MATLABER: Material-Aware Text-to-3D via LAtent BRDF auto-EncodeR

TL;DR

The paper addresses the difficulty of recovering high-fidelity object materials in text-to-3D generation. It introduces MATLABER, which employs a latent BRDF auto-encoder trained on real BRDF datasets to produce BRDF latent codes that decode to physically plausible BRDF parameters, enabling disentanglement from environment lights and relightable rendering. Appearance is modeled via a material MLP that predicts BRDF latents across a DMTet geometry, guided by Score Distillation Sampling and a Cook–Torrance BRDF framework, with a smooth latent space enforced by KL, smoothness, and cyclic losses. Empirical results show improved realism, detail, and disentanglement over baselines, plus successful relighting and material editing, illustrating the practical impact for 3D content creation. The work also provides a pathway to generalize material priors to downstream tasks, albeit with geometry-related limitations that future work could address with advanced diversification strategies like Variational Score Distillation.

Abstract

Based on powerful text-to-image diffusion models, text-to-3D generation has made significant progress in generating compelling geometry and appearance. However, existing methods still struggle to recover high-fidelity object materials, either only considering Lambertian reflectance, or failing to disentangle BRDF materials from the environment lights. In this work, we propose Material-Aware Text-to-3D via LAtent BRDF auto-EncodeR (\textbf{MATLABER}) that leverages a novel latent BRDF auto-encoder for material generation. We train this auto-encoder with large-scale real-world BRDF collections and ensure the smoothness of its latent space, which implicitly acts as a natural distribution of materials. During appearance modeling in text-to-3D generation, the latent BRDF embeddings, rather than BRDF parameters, are predicted via a material network. Through exhaustive experiments, our approach demonstrates the superiority over existing ones in generating realistic and coherent object materials. Moreover, high-quality materials naturally enable multiple downstream tasks such as relighting and material editing. Code and model will be publicly available at \url{https://sheldontsui.github.io/projects/Matlaber}.
Paper Structure (12 sections, 10 equations, 7 figures, 1 table)

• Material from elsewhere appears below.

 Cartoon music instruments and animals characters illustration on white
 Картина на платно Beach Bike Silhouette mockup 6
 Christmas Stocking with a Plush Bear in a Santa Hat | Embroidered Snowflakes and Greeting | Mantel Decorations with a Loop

This paper contains 12 sections, 10 equations, 7 figures, 1 table.

Figures (7)

  • Figure 1: Text-to-3D generation aims to synthesize high-quality 3D assets aligning with given text descriptions. Despite the impressive appearance, representative methods like DreamFusion poole2022dreamfusion and Fantasia3D chen2023fantasia3d still fail to recover high-fidelity object materials. Specifically, DreamFusion only considers diffuse materials while Fantasia3D always predicts BRDF materials entangled with environment lights. Based on a latent BRDF auto-encoder, our approach is capable of generating natural materials for 3D assets, enabling realistic renderings under different illuminations.
  • Figure 2: Left: Our latent BRDF auto-encoder is trained on the TwoShotBRDF dataset with four losses, i.e., reconstruction loss, KL divergence loss, smoothness loss, and cyclic loss. Imposing KL divergence and smoothness loss on latent embeddings encourages a smooth latent space boss2021neural. Right: Instead of predicting BRDF materials directly, we leverage a material MLP $\Gamma$ to generate latent BRDF code $\mathbf{z}$, which is then decoded to 7-dim BRDF parameters via our pretrained decoder. Similar to prior works, the SDS loss can be applied to the rendered images, which empowers the training of our material MLP network. (Note that, roughness $k_r$ is scalar and we visualize it with the green channel in this paper.)
  • Figure 3: The gallery of our text-to-3D generation results. Shapes, normal maps, and shaded images from two random viewpoints are presented here.
  • Figure 4: Qualitative comparisons to baselines. Our results have more natural textures and richer details.
  • Figure 5: Relighting results. On the left side, we list the generated BRDF materials, including diffuse, specular, and roughness. The relit images under a rotating environment light are presented on the right side.